A ideia seria evitar que o mercado precifique uma trajetória agressiva de cortes da Selic, o que poderia fazer com que a convergência das expectativas inflacionárias para a meta de 3% se tornasse mais lenta.
Nessa visão, a fortíssima queda, ao longo de um ano, da inflação acumulada em 12 meses – das proximidades de 10% para perto de 3% – é muito puxada por alimentação e produtos industriais, cujos preços são fortemente influenciados por fatores alheios à política monetária.
Já a inflação dos serviços, o componente mais complicado e central dos processos inflacionários, apesar do notável recuo no IPCA-15 divulgado hoje, ainda estaria longe da zona de conforto para a autoridade monetária. A isso se soma o mercado de trabalho aquecido, intimamente ligado à inflação de serviços.
Essa corrente tem dúvida sobre o grau de “abertura do hiato do produto”, isto é, até que ponto o aperto monetário em curso criou ociosidade de fatores na economia (o que é desinflacionário).

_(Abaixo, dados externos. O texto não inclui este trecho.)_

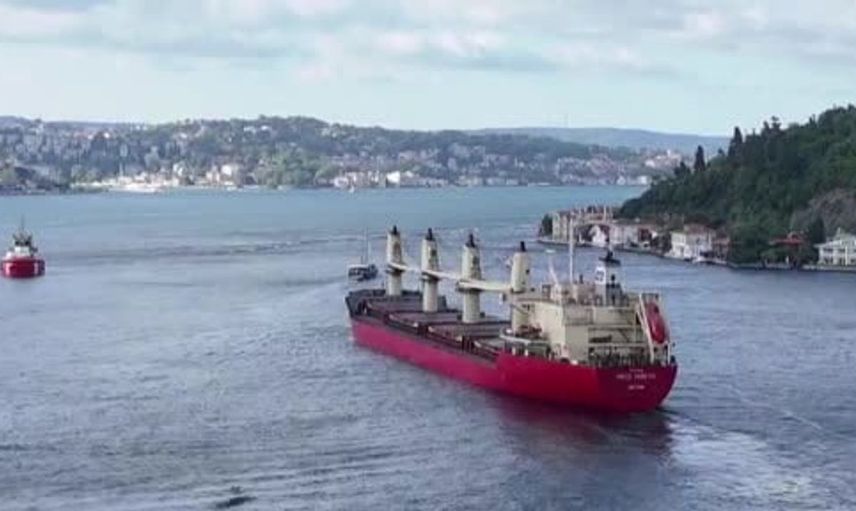 İstanbul Boğazı'nda makine arızası yapan gemi nedeniyle gemi trafiği durduruldu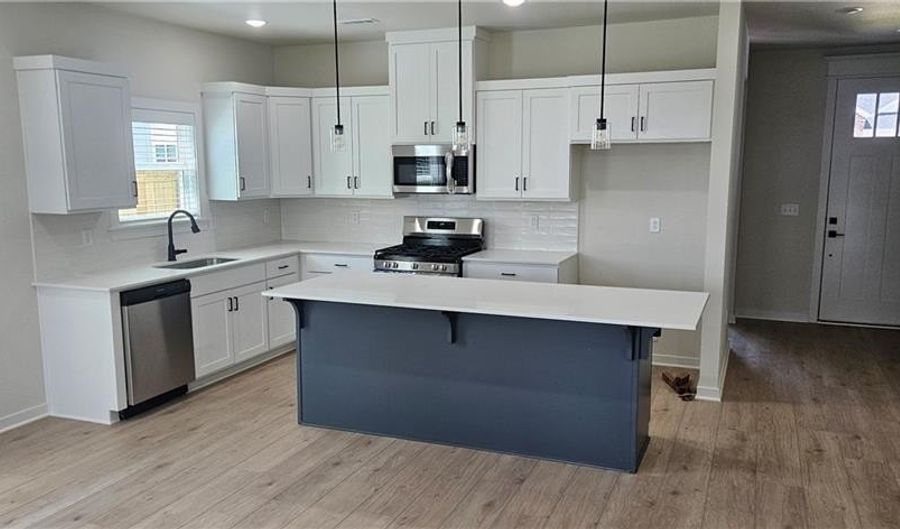 6005 SW Coywolf St, Bentonville, AR 72713 - 4 Beds, 3 Bath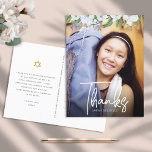 Bat Mitzvah Script Foto Gold Floral Vielen Dank Postkarte<br><div class="desc">Vergewissern Sie sich, dass Ihr Lieblings-Bat Mitzvah ihre Wertschätzung für alle, die ihre Meilenstein-Veranstaltung unterstützt! Schicken Sie diese raffinierte, personalisierte Dankeschön Postcard! Ein schicker, atemberaubender, weißer und goldener Glitzer mit floraler Aquarellfarbe mit weißer Schrifttyp und san serif Typ überlagern das Foto Ihrer Wahl. Ein Stern von David, zusammen mit Ihrer...</div>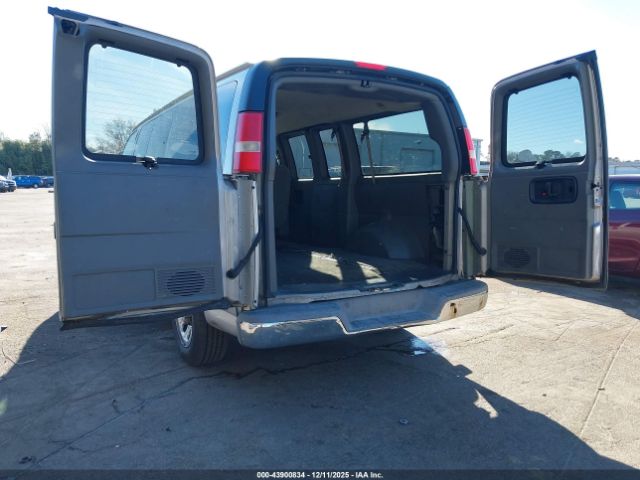 Chevrolet Express Ls Image 2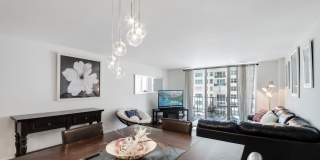 1147 Hillsboro Mile Gallery 6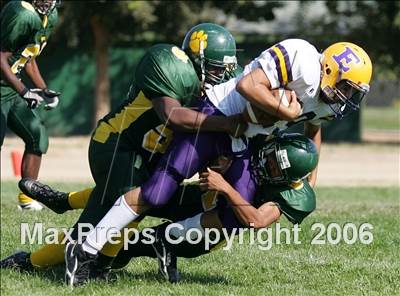 Thumbnail 2 in Escalon @ Kennedy photogallery.
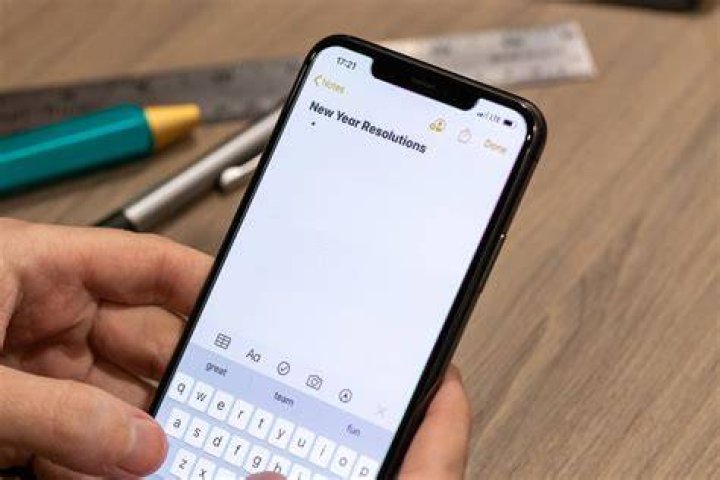 How do you prioritize notes on iPhone?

No outro lado do cabo de guerra, espera-se que os dois novos membros do Copom, nomeados por Lula e já aprovados pelo Senado – Gabriel Galípolo, diretor de política monetária, e Ailton Santos, diretor de fiscalização -, defendam o corte de 0,5pp, a partir da preocupação com uma desaceleração excessiva da economia.
Nesse cenário, o voto de Campos Neto será mais decisivo do que nunca, pois provavelmente atrairá outros componentes do Copom e comporá a maioria vencedora.
Nas conversas desta coluna com o mercado, ainda pareceu prevalecer a ideia de que Campos Neto se alinhará ao grupo conservador, mas mesmo quem defende hoje essa aposta considera que há alguma chance de que o presidente do BC migre para o “time 0,25pp”. Na verdade, as percepções sobre a decisão do Copom da semana que vem estão longe de sedimentadas.
De qualquer forma, a indicação é de que é bastante provável que a decisão da próxima semana não seja unânime, com uma minoria dissidente. Não se descarta que, mesmo que Campos Neto se alinhe aos conservadores, algum outro membro do Copom (ou até mais de um), além dos novos diretores, se junte aos defensores de 0,25pp com base em convicção legítima. Nesse caso, evitaria se explicitar demais uma divisão entre os novos diretores e o resto do Copom, que poderia alimentar a narrativa de um conflito entre governistas e não governistas dentro do comitê.
Obviamente, se Campos Neto fechar com o grupo de 0,25pp, essa narrativa perde o gás, ao menos temporariamente. E ainda há alguma água para rolar mesmo em relação aos núcleos duros do Copom, percebidos pelo mercado, de preferência por 0,25pp ou 0,5pp.